*** Opening of Material supplied ***

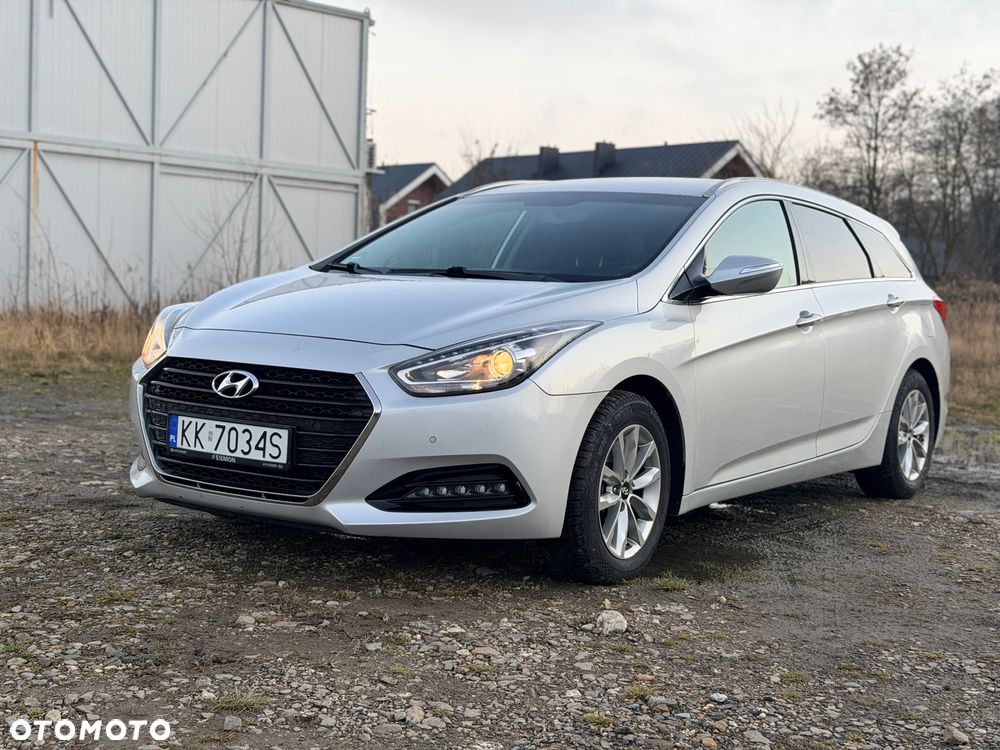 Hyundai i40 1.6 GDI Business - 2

*** Close of Material supplied ***
*** Opening of Material supplied ***

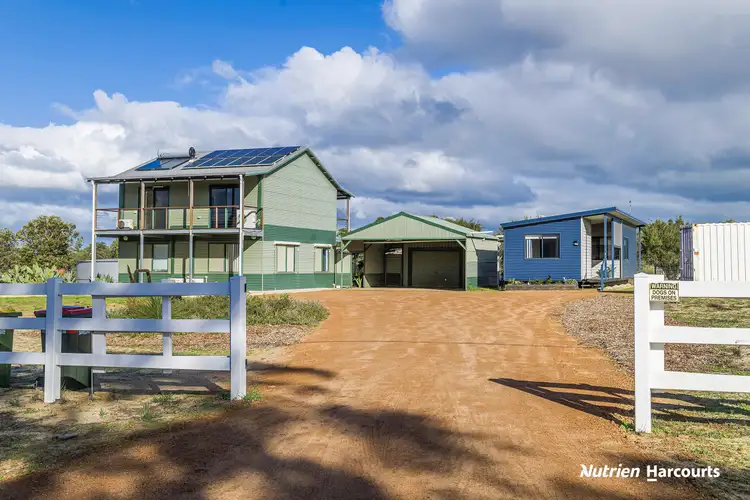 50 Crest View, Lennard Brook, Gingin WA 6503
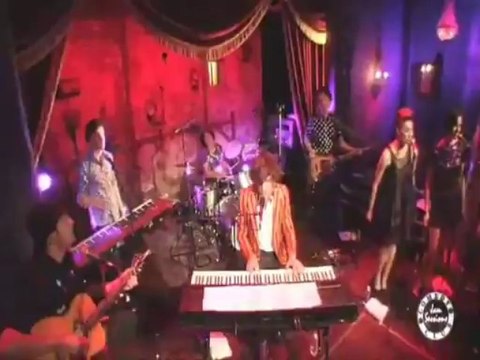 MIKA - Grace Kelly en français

*** Close of Material supplied ***

Between and including the line above that contains "50 Crest View, Lennard Brook, Gingin WA 6503" and the line that contains "MIKA - Grace Kelly en français", restate every line word for word. Pictures stay out.

 50 Crest View, Lennard Brook, Gingin WA 6503
 MIKA - Grace Kelly en français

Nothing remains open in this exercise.